The Nigerian National Petroleum Company Limited (NNPCL) has clarified that its observation about the Eni SpA’s sale of a subsidiary to local producer Oando Plc is not an opposition to the deal but to ensure that all legal requirements are met in the transactions.

Eni had announced on September 4 its plan to sell to Oando one of its units that has a 20% operating stake in four onshore oil and gas blocks in the Niger Delta region.

However, the NNPCL in a statement by its spokesman, Garba Deen Muhammad, maintained that Eni’s failure to obtain NNPCL’s prior authorization for the sale ‘constitutes a grave breach’ of the contract governing the joint venture that holds the four permits.

Earlier in a letter to the Eni subsidiary, which was dated September 4, the Nigerian oil company, stated that it “reserves its rights in relation to the said breach” including an entitlement to invalidate the agreement

Apparently reacting to some new reports that the NNPCL was opposed to the deal, Muhammad stressed that the letter was “not an objection to the transaction,” but “only drawing attention to certain important clauses” in the joint venture agreement that “might have been overlooked in error,” and insisted that adherence to those clauses will protect the transaction now and in the future.

Oando had a 20% interest in the licences before the deal was agreed, while the NNPC holds a 60% stake.

But then, Eni insisted that it committed no breach of the joint venture agreement in selling the subsidiary to Oando, pointing out that while NNPCL has pre-emption rights, Eni had no obligation to inform the NNPCL in advance of the announcement.

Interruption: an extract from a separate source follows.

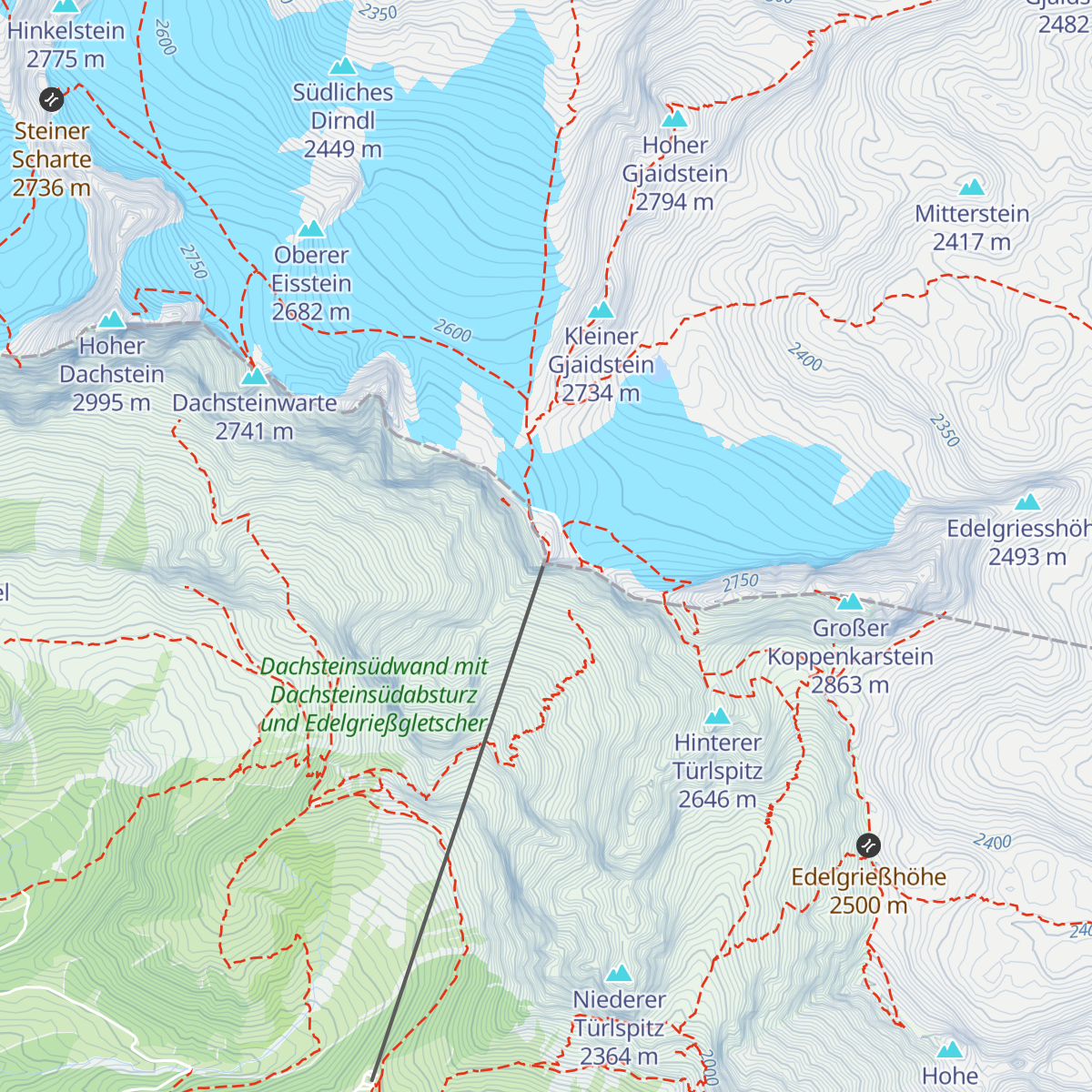 Dachstein glacier restaurant map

In its statement issued on Thursday to clarify its position, Eni maintained: “Preemption procedures and other consents will be duly and carefully followed.”

Oando had on September 4 stated that completion of the transaction is subject to Ministerial consent and other regulatory approvals.

In the past few years, some international oil companies (IOCs) have been divesting from Nigeria’s onshore and shallow water blocks due to their challenging operating environment where infrastructure damage from crude theft had been a regular occurrence to local and international oil producers for years.